Ironically, despite their positions as guardians of the state public school system, several of these board members have eschewed public education for their own children, opting instead for home school and private schools. "I wish more voters and members of the media would ask about that," says Kathy Miller of the Texas Freedom Network. "What is it exactly that you want to see done with public schools? And why, as someone who didn't even care enough about the public schools to join the PTA when your kids were young, do you now want to dictate what other people's kids learn and how they are taught?"

From the time social conservatives began taking control of the board in the mid-'90s, they pushed hard to remove material they deemed inappropriate from textbooks. In 1994, for example, social conservatives on and off the board demanded that publishers make hundreds of changes to proposed high school textbooks. Despite the fact that Texas had some of the highest teen birth and sexually transmitted disease rates in the nation at the time, they insisted that schools teach an "abstinence-only-until-marriage" form of sex education. They also made other demands, including that publishers remove illustrations of breast self-exams for cancer.

In response, in 1995 the state Legislature imposed strict limits on the board's ability to censor textbooks. The board could only reject a textbook if it contained factual errors, failed to meet manufacturing standards or did not meet established curriculum standards.

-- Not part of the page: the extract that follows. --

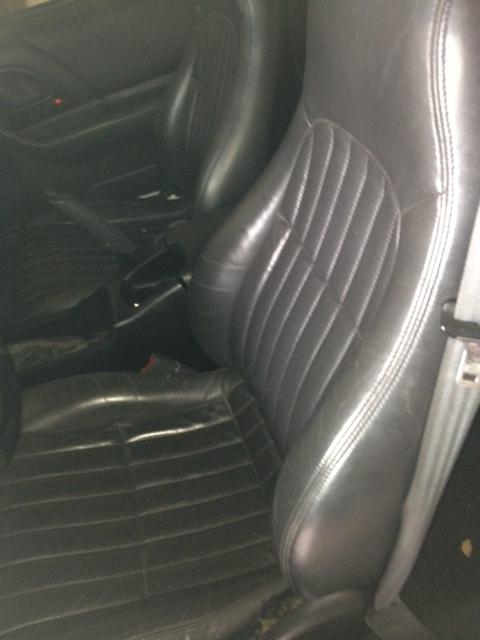 Camaro black leather interior (pannels and carpet included)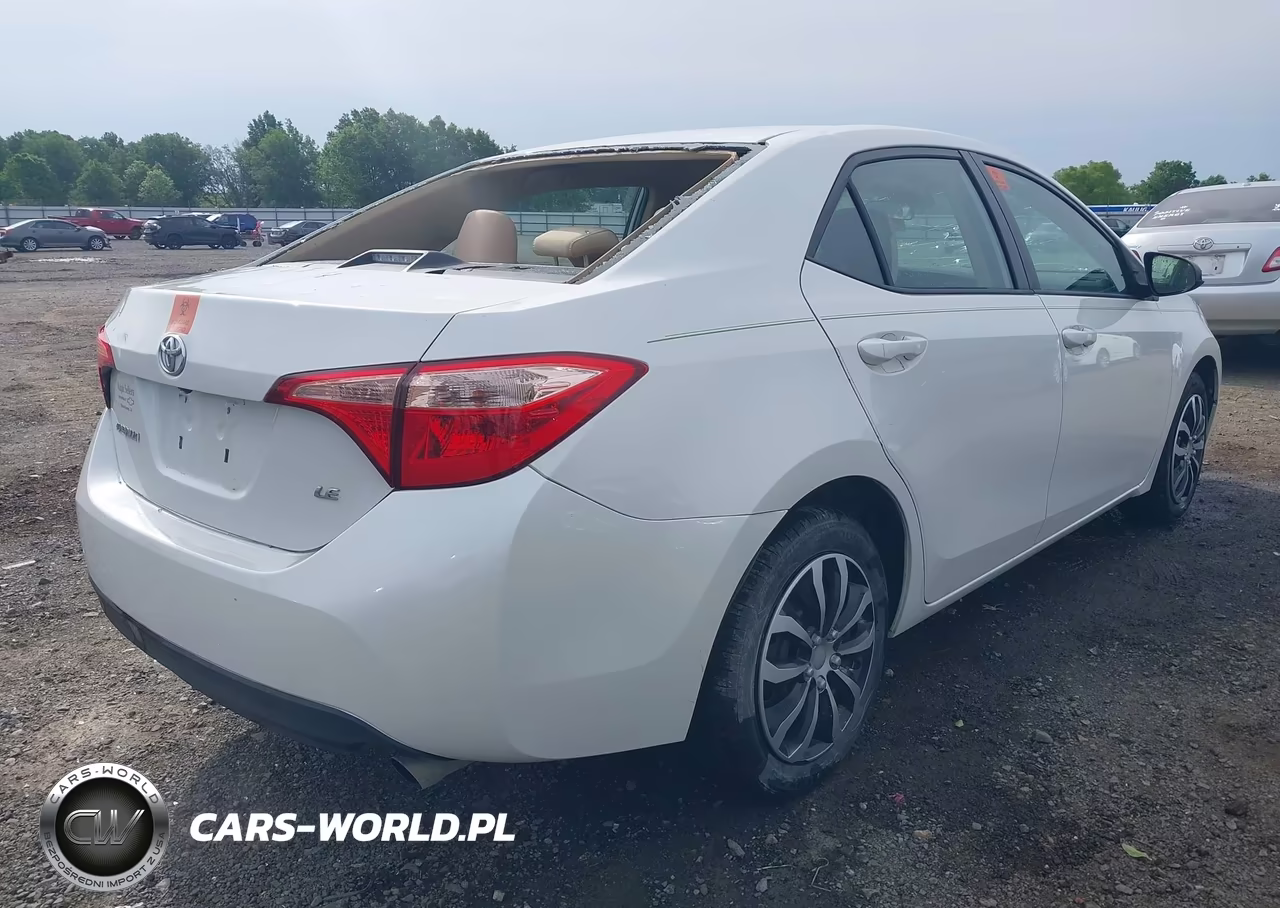 2019 Toyota Corolla Le VIN:5YFBURHE7KP905247 - 4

These guidelines had little effect on the board. Factual errors, board members decided, could include ideological objections to material either in textbooks or missing from them. In 2003, for example, the board demanded that a reference to the Ice Age occurring "millions of years ago" be changed to "in the distant past." A passage saying that fossils "explained" evolution was changed to "may explain" evolution. These changes conformed to the young-Earth creationist views that many of the state board members held.

By the next year, publishers were anticipating the arguments state board members would have to potentially objectionable material and responding in advance. Publishers brought proposed health textbooks to the board in 2004, for example, that did not have any information in them on using condoms to prevent the spread of sexually transmitted diseases.

The censorship has continued to the present day. Last month, board chairman McLeroy asked the board to reject a proposed revision of the language arts curriculum that a committee of educators had been working on for two years to complete. In its place, he recommended a substitute document that had been rejected 10 years before. It was the work of a former Waco-area high school English teacher named Donna Garner. According to several state board members, McLeroy supported the alternative document because it includes a reading list of approved books (classics mostly) that teachers can not waver from.

"It's all about control," says Mary Helen Berlanga, a Democrat from Corpus Christi who has been on the board since 1982. "They want to dictate to teachers exactly what they can have students read. It's no longer the choice of the teacher, or even the school district."

It is no surprise that Democrats such as Berlanga would butt heads with Republicans on the board, but in recent years even old-line social conservatives such as Geraldine "Tincy" Miller have found themselves alienated from the far-right faction.

Miller, from Dallas, has served on the state board since 1984. For her, the sign that things had gone too far came last November when the board voted to reject a math textbook.

The book in question, a third-grade text that teaches a series called Everyday Math, had been a success in Miller's Dallas district. Between 2003 and 2007, classes that used it in the Dallas Independent School District had seen math scores improve 11 percent. Fourth-grade classes that had used the same series had seen scores rise nearly 32 percent, and fifth-grades using the series had seen a 42 percent improvement.